◆ EXERCISE
Only the lines from the one containing "House of CB" through the one containing "Chan 26fw woolen" should be printed, exactly as they appear below, with both ends included.

----- AVAILABLE DATA -----

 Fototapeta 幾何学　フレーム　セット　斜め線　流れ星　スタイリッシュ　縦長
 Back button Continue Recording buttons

-----
----- AVAILABLE DATA -----

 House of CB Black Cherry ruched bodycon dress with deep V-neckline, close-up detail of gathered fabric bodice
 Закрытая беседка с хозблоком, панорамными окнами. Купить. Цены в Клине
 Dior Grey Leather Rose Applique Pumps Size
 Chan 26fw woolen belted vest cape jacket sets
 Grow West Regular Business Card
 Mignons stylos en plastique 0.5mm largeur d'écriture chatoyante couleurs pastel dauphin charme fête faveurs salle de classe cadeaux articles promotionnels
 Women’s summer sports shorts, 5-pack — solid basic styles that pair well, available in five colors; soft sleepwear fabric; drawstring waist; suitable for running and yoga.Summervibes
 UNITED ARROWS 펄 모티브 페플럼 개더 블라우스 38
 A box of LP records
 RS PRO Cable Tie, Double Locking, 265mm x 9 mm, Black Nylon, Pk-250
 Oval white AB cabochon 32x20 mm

-----

◆ SOLUTION FOR THIS PROBLEM
 House of CB Black Cherry ruched bodycon dress with deep V-neckline, close-up detail of gathered fabric bodice
 Закрытая беседка с хозблоком, панорамными окнами. Купить. Цены в Клине
 Dior Grey Leather Rose Applique Pumps Size
 Chan 26fw woolen belted vest cape jacket sets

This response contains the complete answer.